Hi,
1) The current implementation mostly build a DOM in memory for
immediately serialized it into a stream. So I have
remove the
intermediate DOM and provide direct streaming of Element content by:
1.1) extending org.dom4j.XMLWriter to allow direct streaming
of Element content into the output stream, as is, or Base64 encoded.
Accessorily, my extension also ensure proper pairing of open/close tag.
1.2) writing a minimal DOMXMLWriter which extends my XMLWriter and
could be used with the same toXML() code to build a DOMDocument to
provide the toXMLDocument() methods to support the older
implementation unchanged if ever needed.
1.3) using the above, minimal change to the current XML code was
required
1.3.1) replacing element.add(Element) by either
writer.writeElement)
or writer.writeOpen(Element)
1.3.2) for large content, use my extensions, either
writer.write(Element, InputStream) or writer.writeBase64(Element,
InputStream) which use the InputStream for the element content
I'm not aware of the context so I might be wrong, but can't we use StAX to
achieve this xml streaming? (
http://www.xml.com/pub/a/2003/09/17/stax.html?page=2)

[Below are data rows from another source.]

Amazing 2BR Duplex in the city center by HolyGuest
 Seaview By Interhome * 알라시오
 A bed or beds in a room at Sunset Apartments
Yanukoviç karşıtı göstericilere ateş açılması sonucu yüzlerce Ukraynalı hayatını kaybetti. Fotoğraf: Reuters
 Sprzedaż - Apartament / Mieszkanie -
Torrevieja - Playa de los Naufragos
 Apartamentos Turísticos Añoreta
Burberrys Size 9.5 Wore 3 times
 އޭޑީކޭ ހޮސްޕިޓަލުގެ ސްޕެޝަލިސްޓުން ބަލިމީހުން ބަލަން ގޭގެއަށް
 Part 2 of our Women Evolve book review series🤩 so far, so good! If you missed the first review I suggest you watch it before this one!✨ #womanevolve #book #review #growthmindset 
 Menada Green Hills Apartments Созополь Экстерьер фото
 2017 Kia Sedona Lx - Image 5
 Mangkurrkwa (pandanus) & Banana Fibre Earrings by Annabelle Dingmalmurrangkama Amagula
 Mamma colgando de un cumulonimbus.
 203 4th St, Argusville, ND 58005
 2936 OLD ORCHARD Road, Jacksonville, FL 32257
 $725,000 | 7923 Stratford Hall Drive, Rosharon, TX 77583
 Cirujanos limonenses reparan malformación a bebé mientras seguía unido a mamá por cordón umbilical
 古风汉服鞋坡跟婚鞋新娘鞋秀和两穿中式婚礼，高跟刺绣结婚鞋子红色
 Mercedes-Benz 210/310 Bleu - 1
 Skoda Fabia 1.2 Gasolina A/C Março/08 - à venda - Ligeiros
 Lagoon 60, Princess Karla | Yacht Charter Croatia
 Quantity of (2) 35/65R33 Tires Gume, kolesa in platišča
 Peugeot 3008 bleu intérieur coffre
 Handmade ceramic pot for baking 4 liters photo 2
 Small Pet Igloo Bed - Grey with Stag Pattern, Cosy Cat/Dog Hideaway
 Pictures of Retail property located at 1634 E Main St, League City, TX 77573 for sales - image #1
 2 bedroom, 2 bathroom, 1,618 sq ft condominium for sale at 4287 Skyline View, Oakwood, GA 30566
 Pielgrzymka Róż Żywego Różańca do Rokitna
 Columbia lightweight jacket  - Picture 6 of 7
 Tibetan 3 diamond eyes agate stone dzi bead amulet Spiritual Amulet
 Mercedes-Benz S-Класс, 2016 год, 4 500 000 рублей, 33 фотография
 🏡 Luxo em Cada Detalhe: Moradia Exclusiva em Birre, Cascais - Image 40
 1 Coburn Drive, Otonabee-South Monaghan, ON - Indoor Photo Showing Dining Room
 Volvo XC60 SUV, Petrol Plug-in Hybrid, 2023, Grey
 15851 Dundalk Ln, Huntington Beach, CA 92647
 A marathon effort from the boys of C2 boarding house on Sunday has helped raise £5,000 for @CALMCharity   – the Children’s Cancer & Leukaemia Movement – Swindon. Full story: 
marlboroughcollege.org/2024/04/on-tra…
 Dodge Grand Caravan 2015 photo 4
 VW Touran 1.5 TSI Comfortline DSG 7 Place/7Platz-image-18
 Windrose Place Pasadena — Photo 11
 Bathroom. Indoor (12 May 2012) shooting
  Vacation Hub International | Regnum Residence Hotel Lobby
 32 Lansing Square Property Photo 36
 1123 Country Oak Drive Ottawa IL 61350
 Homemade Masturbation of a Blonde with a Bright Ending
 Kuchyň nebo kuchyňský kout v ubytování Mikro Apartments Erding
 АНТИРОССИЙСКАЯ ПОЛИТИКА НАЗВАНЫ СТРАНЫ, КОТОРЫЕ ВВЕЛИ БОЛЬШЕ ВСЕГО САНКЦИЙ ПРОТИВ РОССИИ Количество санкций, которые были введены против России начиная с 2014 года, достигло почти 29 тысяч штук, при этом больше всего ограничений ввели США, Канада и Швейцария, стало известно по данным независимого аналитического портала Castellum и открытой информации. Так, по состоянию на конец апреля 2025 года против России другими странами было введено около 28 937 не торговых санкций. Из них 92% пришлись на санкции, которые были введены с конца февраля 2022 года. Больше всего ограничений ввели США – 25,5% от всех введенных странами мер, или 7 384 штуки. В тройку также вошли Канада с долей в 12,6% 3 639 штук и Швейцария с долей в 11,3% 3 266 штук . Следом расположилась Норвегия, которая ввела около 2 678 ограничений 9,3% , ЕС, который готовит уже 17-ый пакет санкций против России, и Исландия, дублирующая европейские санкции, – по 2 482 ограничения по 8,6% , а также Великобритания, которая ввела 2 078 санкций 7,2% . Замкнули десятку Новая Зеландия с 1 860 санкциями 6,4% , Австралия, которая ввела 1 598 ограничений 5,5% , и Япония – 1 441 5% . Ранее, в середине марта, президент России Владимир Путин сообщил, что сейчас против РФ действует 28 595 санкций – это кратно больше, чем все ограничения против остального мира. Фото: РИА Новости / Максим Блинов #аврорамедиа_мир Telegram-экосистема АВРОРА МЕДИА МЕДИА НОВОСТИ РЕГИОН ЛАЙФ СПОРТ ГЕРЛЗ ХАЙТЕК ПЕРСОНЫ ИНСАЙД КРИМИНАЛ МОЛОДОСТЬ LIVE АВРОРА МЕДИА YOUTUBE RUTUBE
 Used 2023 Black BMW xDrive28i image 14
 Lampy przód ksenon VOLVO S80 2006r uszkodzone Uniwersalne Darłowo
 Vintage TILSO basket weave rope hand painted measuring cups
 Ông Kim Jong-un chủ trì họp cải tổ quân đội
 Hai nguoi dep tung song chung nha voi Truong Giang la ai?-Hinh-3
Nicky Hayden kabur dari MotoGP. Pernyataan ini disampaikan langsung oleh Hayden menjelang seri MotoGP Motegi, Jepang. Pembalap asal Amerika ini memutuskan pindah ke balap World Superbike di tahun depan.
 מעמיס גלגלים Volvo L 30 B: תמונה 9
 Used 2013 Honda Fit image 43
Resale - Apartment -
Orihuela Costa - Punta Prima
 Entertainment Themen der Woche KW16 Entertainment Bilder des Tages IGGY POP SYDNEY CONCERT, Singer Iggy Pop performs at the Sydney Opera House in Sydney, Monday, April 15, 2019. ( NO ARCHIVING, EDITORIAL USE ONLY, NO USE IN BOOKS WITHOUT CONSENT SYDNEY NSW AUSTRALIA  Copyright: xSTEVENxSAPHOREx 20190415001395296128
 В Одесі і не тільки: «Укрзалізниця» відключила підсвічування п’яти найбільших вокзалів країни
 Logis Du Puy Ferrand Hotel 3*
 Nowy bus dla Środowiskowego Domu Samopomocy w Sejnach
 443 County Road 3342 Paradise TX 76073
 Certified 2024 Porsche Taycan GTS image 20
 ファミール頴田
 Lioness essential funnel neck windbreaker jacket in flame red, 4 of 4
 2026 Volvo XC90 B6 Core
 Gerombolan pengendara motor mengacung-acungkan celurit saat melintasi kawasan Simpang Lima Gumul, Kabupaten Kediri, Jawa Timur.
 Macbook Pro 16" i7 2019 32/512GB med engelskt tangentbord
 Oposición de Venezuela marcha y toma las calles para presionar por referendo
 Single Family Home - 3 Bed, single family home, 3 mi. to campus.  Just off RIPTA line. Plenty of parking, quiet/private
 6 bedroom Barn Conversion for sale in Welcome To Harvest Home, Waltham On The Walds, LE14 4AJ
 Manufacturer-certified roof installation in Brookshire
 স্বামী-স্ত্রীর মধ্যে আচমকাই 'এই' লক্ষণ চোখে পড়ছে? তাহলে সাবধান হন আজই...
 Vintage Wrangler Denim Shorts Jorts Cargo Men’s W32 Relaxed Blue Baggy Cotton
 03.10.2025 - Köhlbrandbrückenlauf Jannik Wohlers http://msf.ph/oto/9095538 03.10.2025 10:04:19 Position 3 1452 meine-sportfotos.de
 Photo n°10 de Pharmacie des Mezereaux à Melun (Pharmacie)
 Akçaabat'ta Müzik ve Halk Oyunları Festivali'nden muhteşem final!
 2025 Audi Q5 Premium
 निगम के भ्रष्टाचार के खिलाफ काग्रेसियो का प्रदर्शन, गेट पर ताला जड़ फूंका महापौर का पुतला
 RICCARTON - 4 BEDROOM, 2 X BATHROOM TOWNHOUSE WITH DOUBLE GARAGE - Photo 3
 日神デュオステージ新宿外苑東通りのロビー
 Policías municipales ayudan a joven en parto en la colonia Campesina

2) The current implementation for binary data such as
attachments and
export zip file is mostly based on in memory byte[] passing from
function to function while these data initially came from a
request.getInputStream() or are written to a response.getOutputStream
(). So I have change these to passover the stream instead of the data:
2.1) using IOUtils.copy when required
2.2) using org.apache.commons.codec.binary.Base64OutputStream
for base64 encoding when required
2.3) using an extension of ZipInputStream to cope with
unexpected close()
2.4) avoid buffer duplication in favor of stream filters
Sounds good. May be FileUploadPlugin should also pass streams instead of
data so we do not run out of memory.(
http://maven.xwiki.org/site/xwiki-core-parent/xwiki-core/apidocs/com/xpn/xw…
)
3) Since most oftently used large data came from the
database through
an attachment content, it would be nice to have these attachment
streamed from the database when they are too large. However, I feel
that it is still too early to convert our binary into a blob, mainly
because HSQLDB and MySQL still does not really support blob, just an
emulation. These are also used to be cached in the document cache, and
this will require improvement to support blob. However I propose to
take the occasion to go in the direction of the blob by:
3.1) deprecating setContent(byte[]) and Byte[] getContent() in favor
of newly created setContent(InputStream, int), InputStream
getContentInputStream() and getSize()
3.2) Begin to use these new function as much as possible as 2)
implied
3.3) this also open the ability to store attachment in another
repository that support better the streaming aspect (ie: a filesystem)
+1
Still, I wonder if streaming blobs from databases is a mature technology.
(Mysql has an extension :
http://blobstreaming.org/)
Keep up the good work :)
Thanks.
- Asiri